Most people drive to Baker City, Oregon, then around. It would add almost 200 miles to my trip, at least two long days biking. But, Scotty said, there was the “other” back road. It was rough. Real steep. Dry, take extra water. But you could do it in a pickup truck, Scotty said.
If you can do it in a truck, I can do it on my bike, I said, and he showed me on my map where it was and where I’d need to go from there. OK, I said, I’m off. “Well, maybe someone in a pickup truck will come along,” Scotty said. “But I wouldn’t count on it, hardly anyone drives that road.”
Back to Oxbow and down the river, past the camps with luxuriant RVs and power boats, tents and houseboats. Everyone fishing. Hatch along the road so thick I had to keep my head down, which made my shirt billow. That let the bugs in and I had to stop to shake the midges out of my shirt and jog bra. Big fish jumping, anglers of all sizes working from banks and boats. One guy stopped me to make sure I didn’t think I could get to Hell’s Canyon Dam on that road. A lot of cyclists make that mistake. Nope, I said, I’m going up the back road. “You are? That’s a rough road. But the BLM graded it a couple weeks ago, it’s passable,” he said in good humor. “Good luck.” I stopped a BLM guy and asked him about the road, and the one beyond that. The first is passable, he’d heard, the second, he couldn’t say.
All the while, I’m remembering the dirt road in Utah between Liberty and Avon, the one with the awful gravel and the dust that made me slide into the hairpin turns and wrestle with the trailer. I did that. It was slow and hard, but trucks could barely make it. They make this. I can do this.

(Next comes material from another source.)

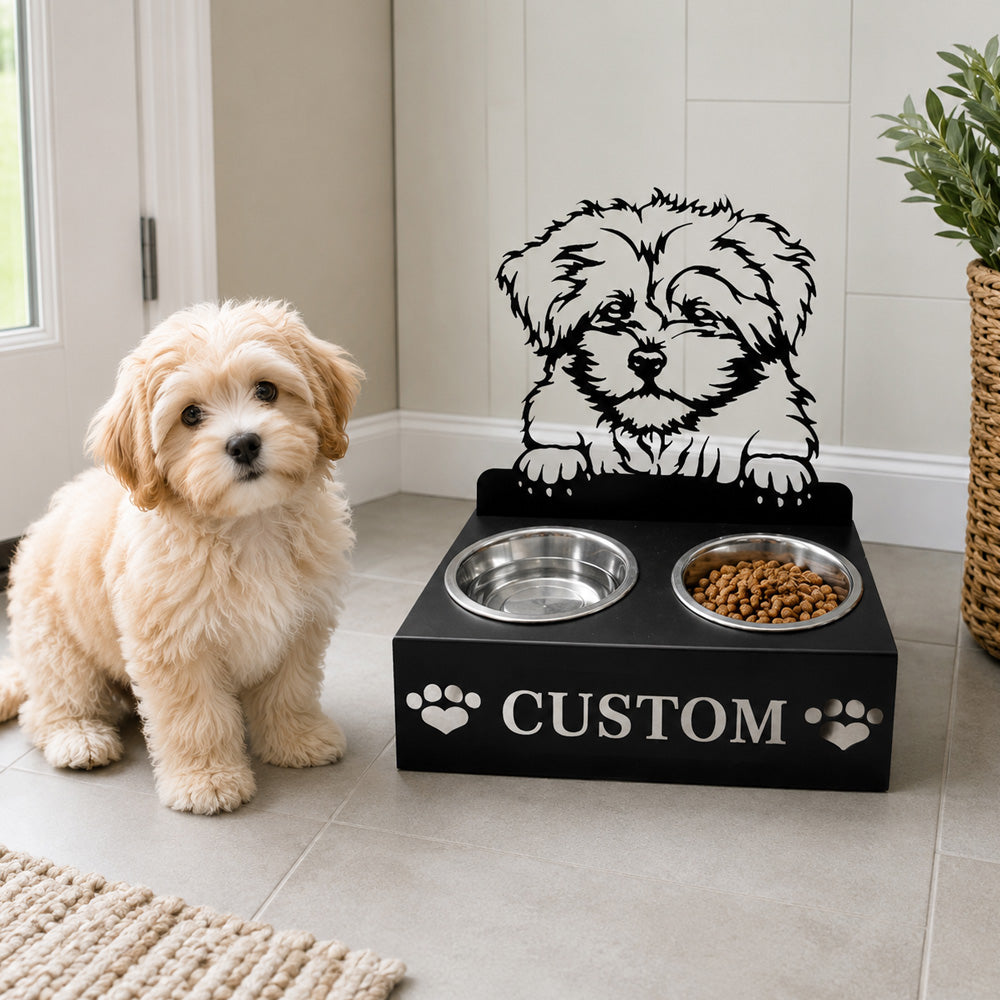 Personalized bernedoodle metal dog bowl stand with custom name cutout and two removable feeding bowls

The entry to the road had an awkward cant that made me turn at a poor angle for riding, so I pushed a slow 50 yards before starting to ride. I rode 50 yards to the first switch back. Same problem, sliding down into the pit. I pushed. I rode. I pushed. And pushed. Mostly, I pushed. It was hot and very dusty, I was thankful for thick, intermittent cloud cover. I worked out a system of really getting my upper body behind the bike seat and digging into solid rocks with my toes. I made about a mile. My puny arms insist it was two. Maybe it was one and a half. It was so slow the odometer didn’t keep track. I counted steps: could I go 100? How about two sets of 50? The switchbacks stacked up directly on top of each other, and I thought I must be hallucinating when I saw a little pickup chugging up the road below me. I was already stopped, but I skootched to the far inside to give him running room. Instead of zooming by, he stopped in a cloud of dust and rolled down his window.
“I could see by the tracks there was someone bicycling up this. I wanted to see who could be tough enough to do that,” said the man who turned out to be Wayne.
I laughed and said something along the lines of it being apparently more foolish than tough. Thinking of Scotty’s advice I asked: Did he think we could get my rig in his truck for a ride to the top? Well, we’ll see, he said, because it was my great good fortune to ask a favor of many who is accustomed to making things happen.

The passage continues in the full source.